Data Block Start
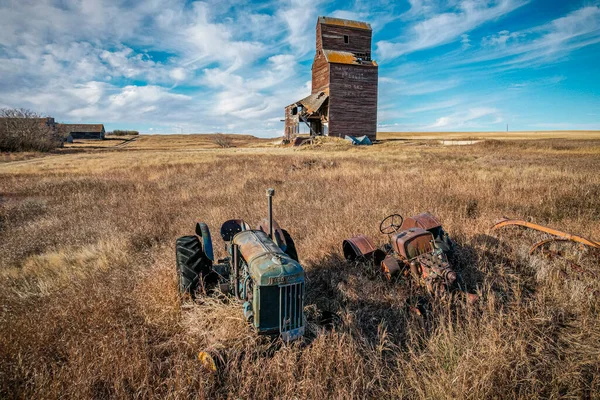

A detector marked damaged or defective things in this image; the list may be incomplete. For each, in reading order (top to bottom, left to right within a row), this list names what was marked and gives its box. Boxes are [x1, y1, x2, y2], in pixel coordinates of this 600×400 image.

rusty tractor [173, 188, 304, 340]
rusty steering wheel [380, 216, 404, 234]
rusty tractor [342, 212, 468, 296]
rusted metal frame [492, 217, 600, 248]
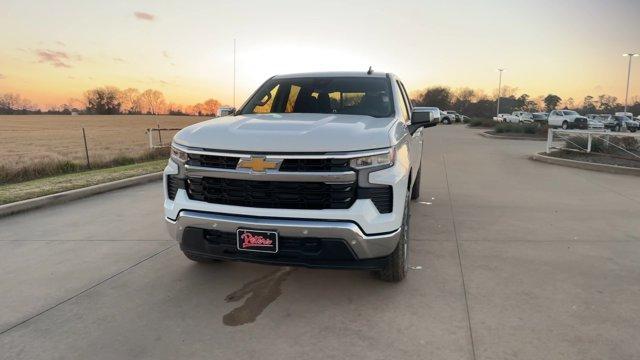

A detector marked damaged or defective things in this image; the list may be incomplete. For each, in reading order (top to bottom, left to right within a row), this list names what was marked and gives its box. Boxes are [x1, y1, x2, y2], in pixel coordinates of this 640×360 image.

pavement crack [0, 243, 175, 336]
pavement crack [442, 155, 478, 360]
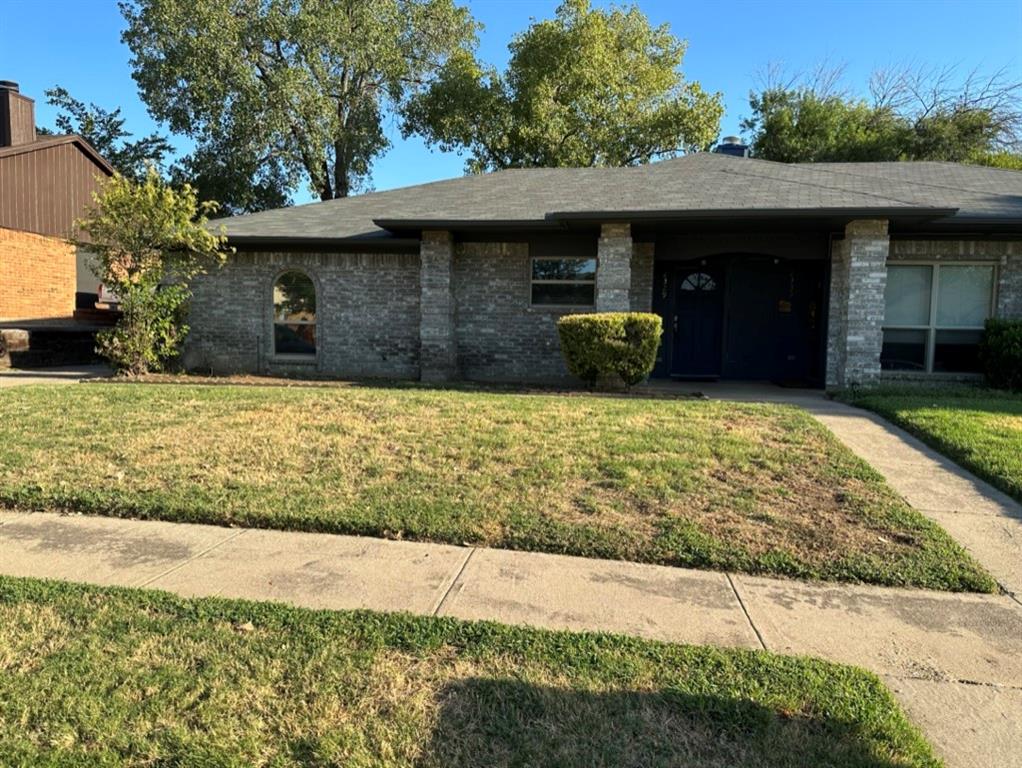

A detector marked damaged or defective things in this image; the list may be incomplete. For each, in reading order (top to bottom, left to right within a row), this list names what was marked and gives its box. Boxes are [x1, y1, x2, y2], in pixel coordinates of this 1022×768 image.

sidewalk crack [433, 548, 476, 617]
sidewalk crack [727, 572, 768, 650]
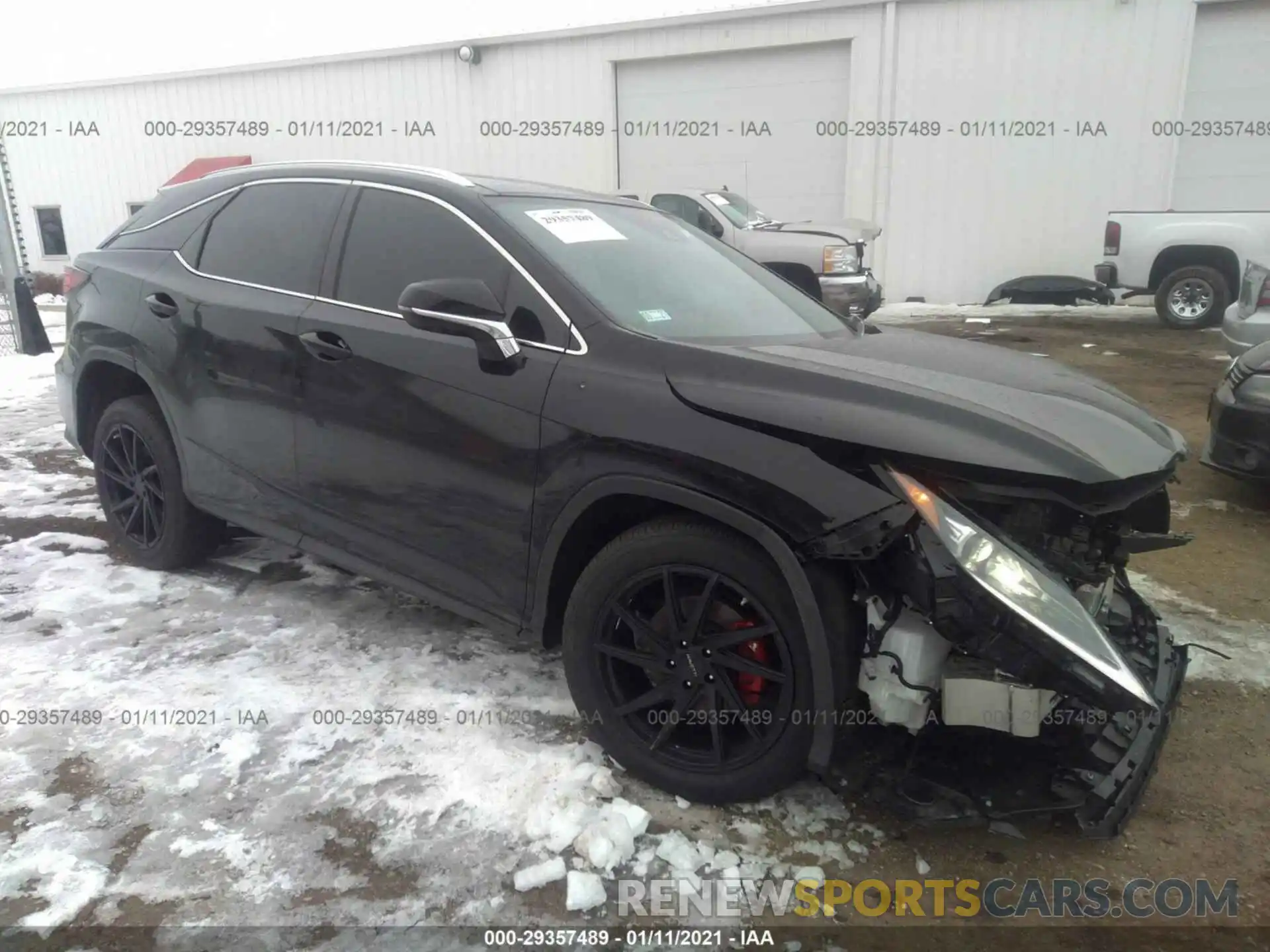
Data Block End
What you should do: Word for word, retype the lines from the one with "this 640×360 image." through the final line of the data, both included. No pictures belong in the copy.

Response:
A detector marked damaged or defective things in this image; the list may be incomplete. For each, in reading order (top to bottom, left to right within a row), this list names what was marked and gives its box. Boxes are [x1, y1, x2, y2], in pixel coordinates of this 640×360 image.

pavement crack [0, 243, 175, 336]
pavement crack [442, 155, 478, 360]

A detector marked damaged or defective things in this image; the list may be incomplete. For each, in reading order (top to bottom, left to right within a row), this list names what was marked and gives its box. Boxes are [x1, y1, x2, y2], in pixel coordinates of this 1022×768 image.

sidewalk crack [433, 548, 476, 617]
sidewalk crack [727, 572, 768, 650]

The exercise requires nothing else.